■ Assignment
From the line containing "scape city skyline ai generated" to the line containing "Aya Muse Velu Top in Plum" in the entries below, reproduce every line exactly, ends included. Nothing else belongs in the copy, and no pictures.

■ Records shown
=== Begin Enclosure ===

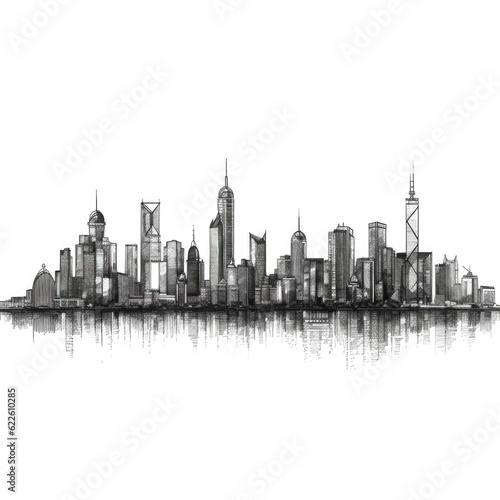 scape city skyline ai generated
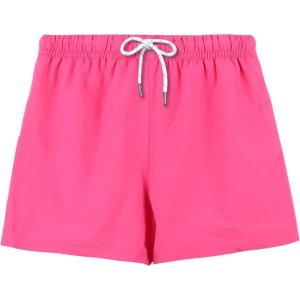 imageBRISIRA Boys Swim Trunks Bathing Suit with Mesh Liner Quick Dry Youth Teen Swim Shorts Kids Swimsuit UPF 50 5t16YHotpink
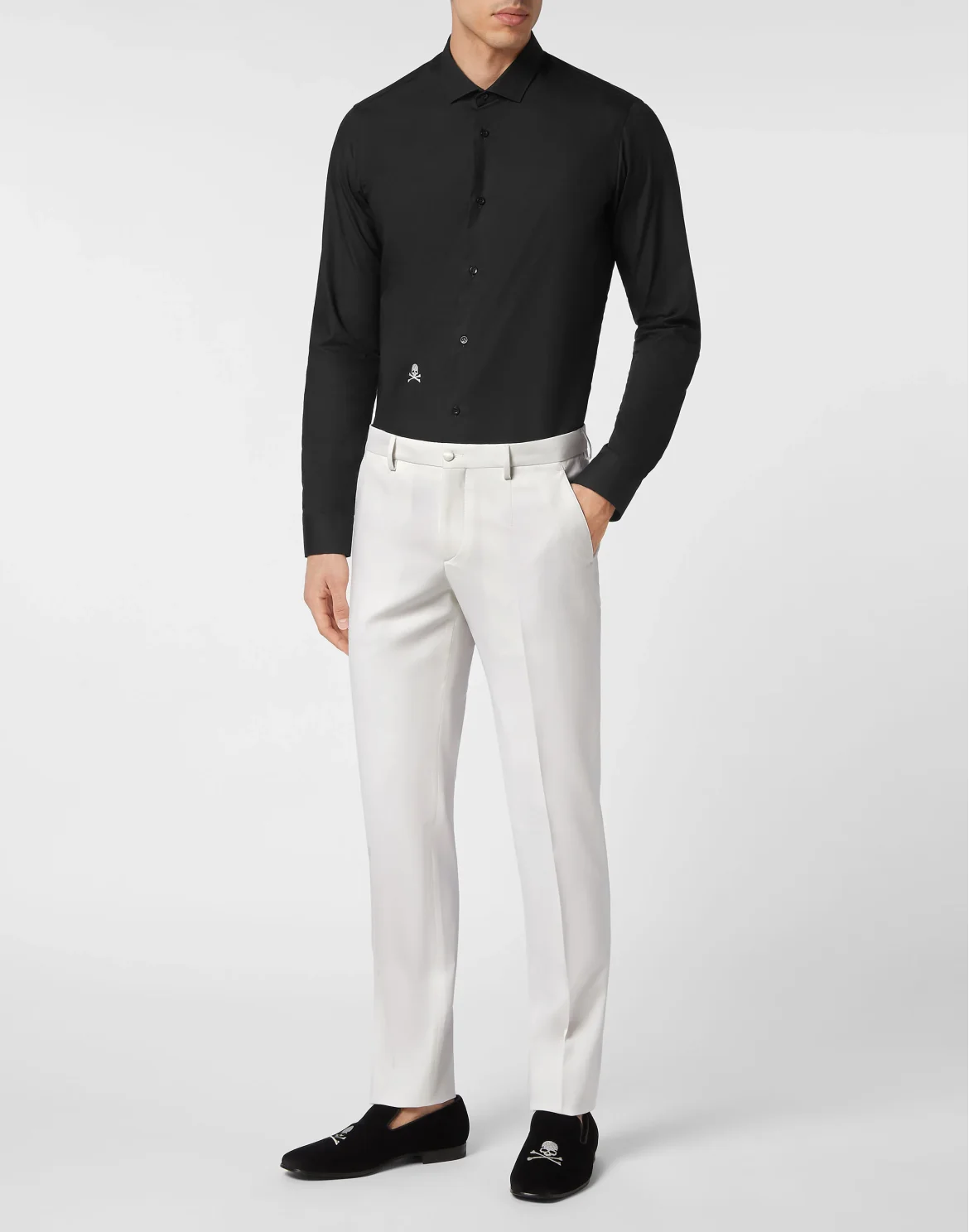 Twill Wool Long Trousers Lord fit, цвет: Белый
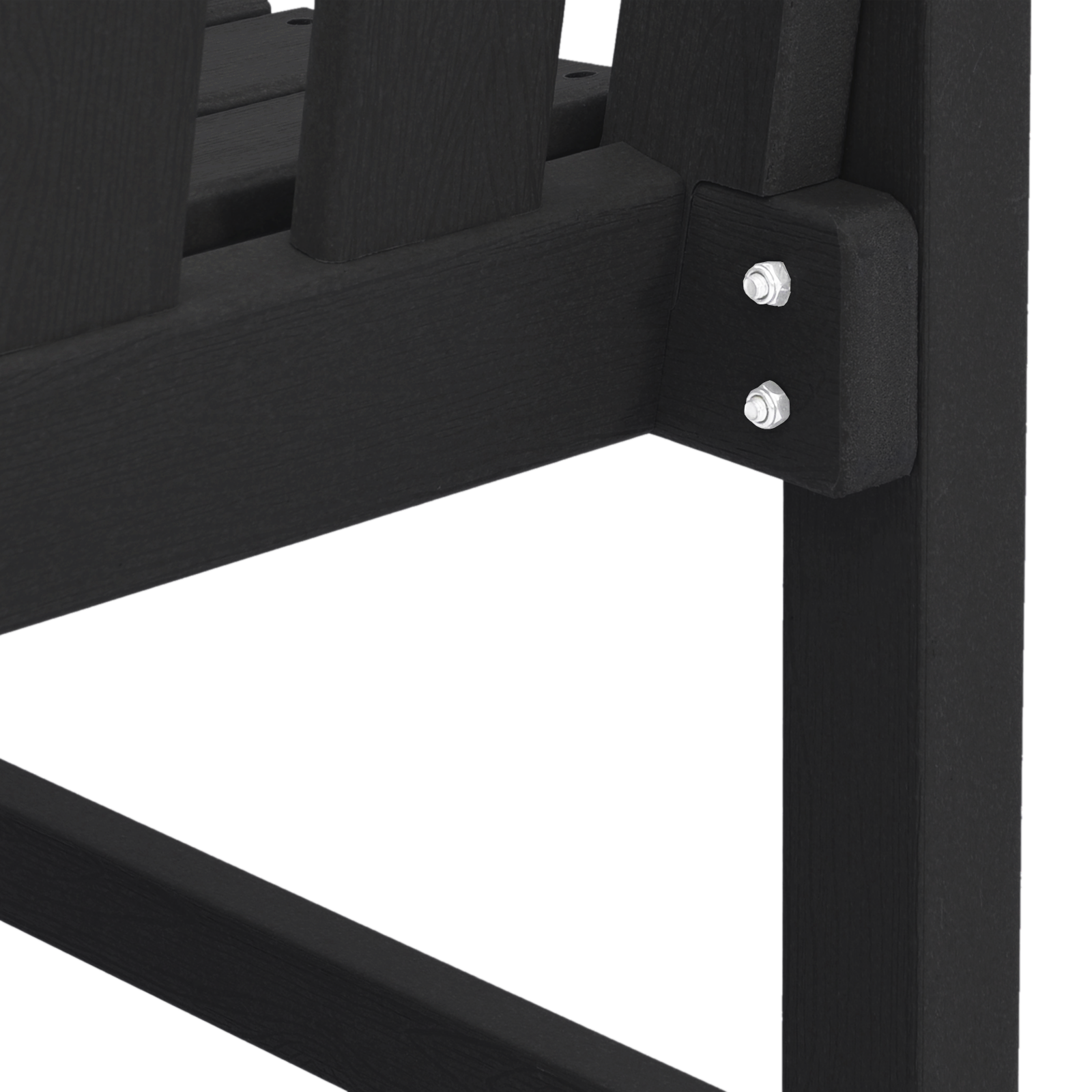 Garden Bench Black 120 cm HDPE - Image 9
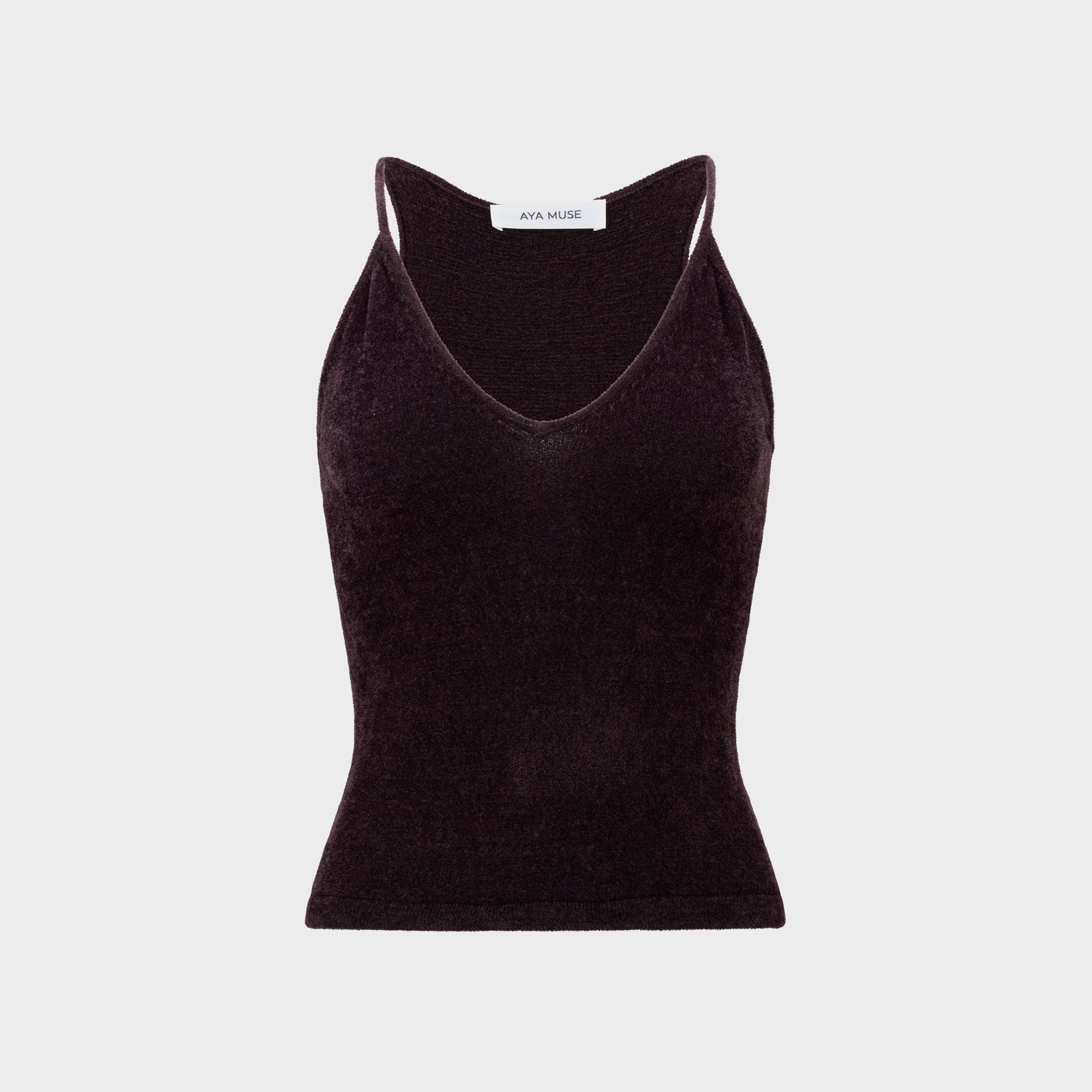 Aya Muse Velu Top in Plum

=== End Enclosure ===
=== Begin Enclosure ===

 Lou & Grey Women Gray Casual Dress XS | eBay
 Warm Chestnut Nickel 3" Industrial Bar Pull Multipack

=== End Enclosure ===

■ Written reply
 scape city skyline ai generated
 imageBRISIRA Boys Swim Trunks Bathing Suit with Mesh Liner Quick Dry Youth Teen Swim Shorts Kids Swimsuit UPF 50 5t16YHotpink
 Twill Wool Long Trousers Lord fit, цвет: Белый
 Garden Bench Black 120 cm HDPE - Image 9
 Aya Muse Velu Top in Plum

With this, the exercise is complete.